Oysa onca engebelerden, dünyalık telaşlardan sonra, dümdüz bir yol hayaline kaptırmıştık kendimizi ama yol bitti. “Kapı kapı bu yolun son kapısı, ölümse her kapıda ağlayıp, o kapıda gülümse” diyen şairden ilhamla, her tepede ağlayıp, o son tepede gülebilmek marifetti. Her seferinde tökezleyip zar zor aşarken hayatın merhalelerini, son adımı yüreklice ve sağlam atabilmek marifetti.
Onun Makamı’nda huzura varabilmek, razı olmuşlardan olabilmek marifetti. Üzerinde bin bir türlü hilenin, yalanın, adaletsizliğin, zalimliğin, vicdansızlığın ve günahların yaşandığı bu tertemiz topraklar bir gün ‘yetti artık’ diyecek. Kur’an’da eski kavimlerden bahsedilirken, onların yeryüzünden sanki hiç olmamışçasına silindiklerinden bahseder. Saraylar, evler, sokaklar, insanlar, savaşlar, hüzünler, ağlayışlar, sohbetler, hırslar, zenginlikler, makamlar, başarılar, hiç birinden bir iz bile yok. “sanki orada hiç güzel bir gün görmemişlerdi” diyor Elmalılı mealinde ve der ki; “Ne gökyüzü, ne de yeryüzü ağlamadı onların ardından.” Belki de sevindiler bile. Hâsılı, ölecek olmanın sakinliği keşke biraz da bizlere ve yaşayışlarımıza sirayet etse. Hırslarımıza, öfkelerimize, planlarımıza, heveslerimize, nisyanlarımıza, uğruna koşturduğumuz geçici olan dünyalık telaşlarımıza.

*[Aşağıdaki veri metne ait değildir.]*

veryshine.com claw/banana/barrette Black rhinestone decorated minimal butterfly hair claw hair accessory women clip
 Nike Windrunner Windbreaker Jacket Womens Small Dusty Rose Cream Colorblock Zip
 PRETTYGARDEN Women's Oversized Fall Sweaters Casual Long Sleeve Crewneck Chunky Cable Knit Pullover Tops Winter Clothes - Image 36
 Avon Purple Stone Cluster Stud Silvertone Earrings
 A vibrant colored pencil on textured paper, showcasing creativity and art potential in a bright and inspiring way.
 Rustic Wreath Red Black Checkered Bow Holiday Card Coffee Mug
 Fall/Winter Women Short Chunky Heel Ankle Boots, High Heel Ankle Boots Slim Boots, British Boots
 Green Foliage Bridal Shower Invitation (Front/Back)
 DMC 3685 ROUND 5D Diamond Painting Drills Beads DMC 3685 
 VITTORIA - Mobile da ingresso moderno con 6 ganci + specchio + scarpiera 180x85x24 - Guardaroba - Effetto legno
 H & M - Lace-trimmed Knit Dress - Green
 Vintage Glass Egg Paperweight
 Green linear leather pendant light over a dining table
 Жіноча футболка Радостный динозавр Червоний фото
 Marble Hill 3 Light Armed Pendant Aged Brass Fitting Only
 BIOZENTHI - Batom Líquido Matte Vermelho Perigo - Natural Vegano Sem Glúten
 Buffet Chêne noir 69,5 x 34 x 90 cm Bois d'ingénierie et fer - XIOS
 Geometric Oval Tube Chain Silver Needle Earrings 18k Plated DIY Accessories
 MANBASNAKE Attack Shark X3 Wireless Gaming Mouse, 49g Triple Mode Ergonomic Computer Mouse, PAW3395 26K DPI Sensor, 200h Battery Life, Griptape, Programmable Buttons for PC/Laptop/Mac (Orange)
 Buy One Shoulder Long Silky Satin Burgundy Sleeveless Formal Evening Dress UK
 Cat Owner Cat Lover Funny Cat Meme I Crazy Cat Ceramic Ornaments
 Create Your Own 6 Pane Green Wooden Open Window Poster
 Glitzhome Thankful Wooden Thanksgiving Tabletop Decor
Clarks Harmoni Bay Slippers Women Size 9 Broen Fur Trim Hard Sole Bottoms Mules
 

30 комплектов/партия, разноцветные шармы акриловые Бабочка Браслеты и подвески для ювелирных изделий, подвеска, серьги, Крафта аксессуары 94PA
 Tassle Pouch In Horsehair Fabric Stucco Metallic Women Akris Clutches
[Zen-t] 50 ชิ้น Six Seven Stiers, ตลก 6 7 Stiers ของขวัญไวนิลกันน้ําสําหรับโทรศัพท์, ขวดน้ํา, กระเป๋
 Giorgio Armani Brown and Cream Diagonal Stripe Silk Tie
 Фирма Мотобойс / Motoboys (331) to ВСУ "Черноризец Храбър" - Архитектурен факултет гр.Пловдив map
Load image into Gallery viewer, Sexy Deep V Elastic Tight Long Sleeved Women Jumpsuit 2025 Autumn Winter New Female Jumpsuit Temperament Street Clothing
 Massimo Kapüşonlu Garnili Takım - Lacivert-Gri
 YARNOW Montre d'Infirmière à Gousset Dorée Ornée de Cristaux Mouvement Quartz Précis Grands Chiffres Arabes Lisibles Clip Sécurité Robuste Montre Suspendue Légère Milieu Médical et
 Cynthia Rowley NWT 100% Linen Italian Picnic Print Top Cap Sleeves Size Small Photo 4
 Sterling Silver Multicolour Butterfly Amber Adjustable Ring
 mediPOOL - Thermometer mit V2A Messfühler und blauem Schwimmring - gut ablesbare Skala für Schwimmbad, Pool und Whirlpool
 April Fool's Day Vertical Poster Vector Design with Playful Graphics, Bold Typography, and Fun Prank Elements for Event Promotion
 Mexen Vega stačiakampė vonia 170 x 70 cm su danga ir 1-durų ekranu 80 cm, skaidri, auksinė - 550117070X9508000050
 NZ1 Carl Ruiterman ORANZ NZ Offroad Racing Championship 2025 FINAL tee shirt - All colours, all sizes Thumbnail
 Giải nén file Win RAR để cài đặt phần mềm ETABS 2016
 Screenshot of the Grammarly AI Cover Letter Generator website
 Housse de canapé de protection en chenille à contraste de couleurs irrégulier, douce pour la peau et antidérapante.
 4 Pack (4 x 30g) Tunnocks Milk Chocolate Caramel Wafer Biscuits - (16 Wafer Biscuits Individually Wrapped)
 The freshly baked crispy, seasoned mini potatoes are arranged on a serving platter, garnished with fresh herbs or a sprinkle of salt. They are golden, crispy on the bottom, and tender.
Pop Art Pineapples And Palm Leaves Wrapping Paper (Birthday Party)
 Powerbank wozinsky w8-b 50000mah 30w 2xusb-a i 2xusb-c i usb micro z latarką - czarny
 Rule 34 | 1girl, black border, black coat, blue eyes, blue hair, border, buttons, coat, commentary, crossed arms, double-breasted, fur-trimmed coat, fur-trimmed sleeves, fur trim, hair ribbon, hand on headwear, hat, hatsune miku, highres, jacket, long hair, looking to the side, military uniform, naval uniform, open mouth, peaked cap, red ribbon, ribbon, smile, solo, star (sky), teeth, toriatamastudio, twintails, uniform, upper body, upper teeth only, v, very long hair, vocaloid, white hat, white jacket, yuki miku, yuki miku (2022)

Zira ‘keenlemyekun’ kelimesinin o kurşuni rengi sinecek bir gün insanlığımızın gölgesine, diğer renkleri ansızın solduran bir hüzünle. Ebedi yolculuk ne güzel şeydir, hazırlığı tamam olan, ahiret erzakını toplamış olan insanlık için orası, ne güzel bir diyar, baki de beka bulmak. Hayatın külfetlerinden terhis olmak, dünya meşakkatlerinden azad olmak. Kabre iç huzuruyla varabilmek, ne doyumsuz, ne güzel şey, her şey geçici, her şey fani. Baki olan yalnız O, O’na kavuşmak baki’de beka bulmak ne güzel, ne güzel şey.